Avendo perso Dio, è rimasto solo l’uomo. Ma l’uomo è troppo poco per il cuore. L’educazione oggi si concentra su alcuni dettagli secondari che non hanno niente a che vedere con l’apertura del cuore che è necessario avere per sostenere fino in fondo l’urto della vita. A quattordici anni i nostri ragazzi sono pieni di nostalgia, a sedici di struggimento, a diciannove di disperazione. E con la disperazione nel cuore o entri nell’ingranaggio del sistema, che soffoca tutto e ti rende perfetto per il consumo, oppure non ce la fai. E ti uccidi. Non basta che la mamma ti voglia bene. Manca l’amore di Dio, la fiducia di Uno che ti offre come prospettiva l’eternità.
Quando la morte non fa più paura è perché è la vita ad essere diventata spaventosa. E chi ci salva dallo spavento è l’abbraccio improvviso di un Altro con cui ricomincia tutto, con cui tutto può essere perdonato.

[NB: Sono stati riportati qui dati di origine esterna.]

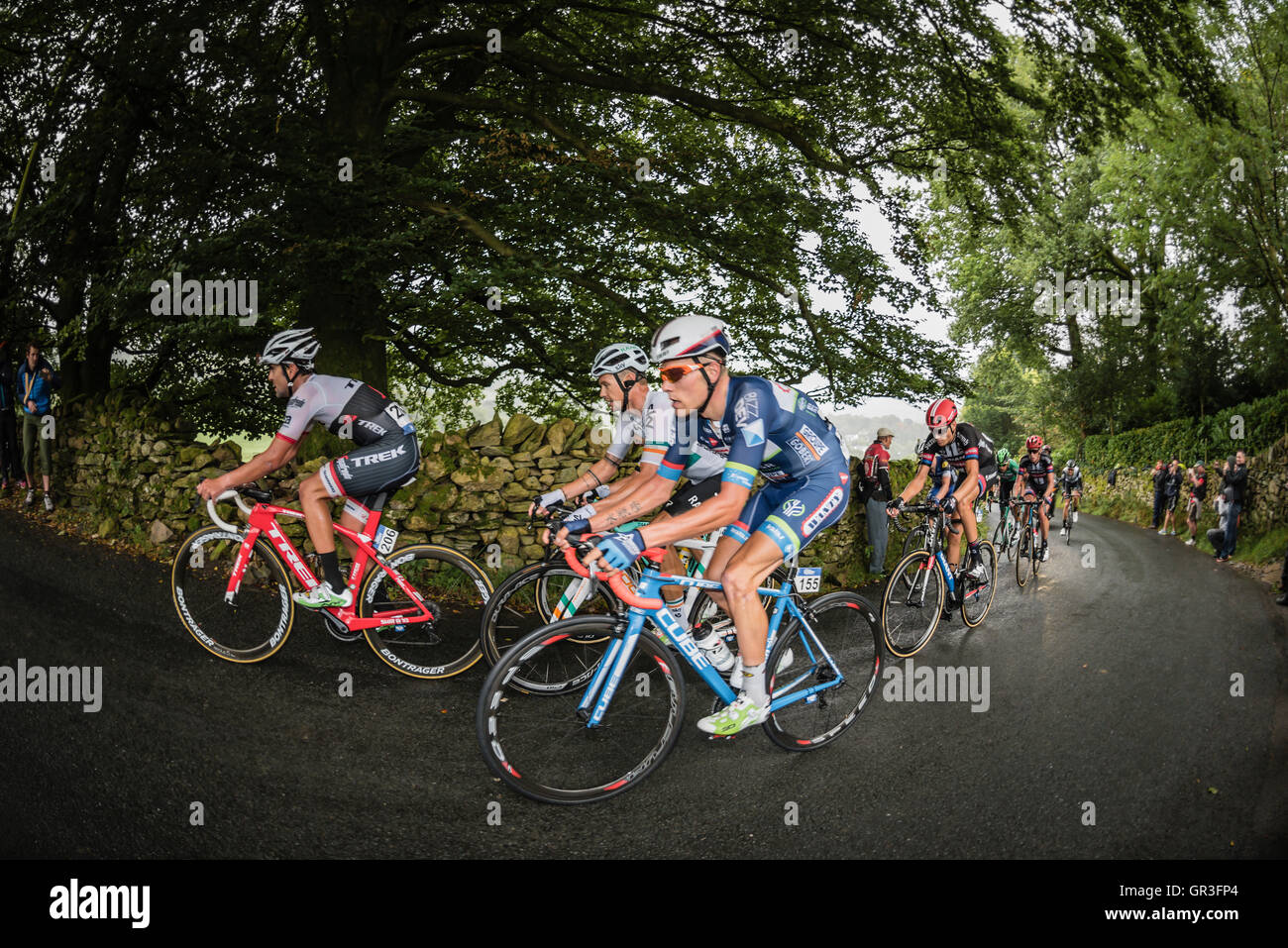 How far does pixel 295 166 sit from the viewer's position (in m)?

Nei bagni dello Iulm è dunque rimasta un’ombra di morte. Il dolore che è deflagrato in quei corridoi è un grido che non si spegne e che chiede a tutti, in fondo, di rispondere alla domanda più vera e più radicale di tutte, quella sul motivo per cui siamo al mondo. Quella sul perché le cose, tutte le cose, comincino. Il valore dell’uomo non coincide con quello che riesce a realizzare, ma con lo sguardo che determina la propria vita. In un tempo impregnato dagli odori della morte non c’è cuore che non desideri sentire il profumo della resurrezione. Distrarsi da questo significa soltanto condannarsi alla lunga fila che porta al bagno dell’edificio 5.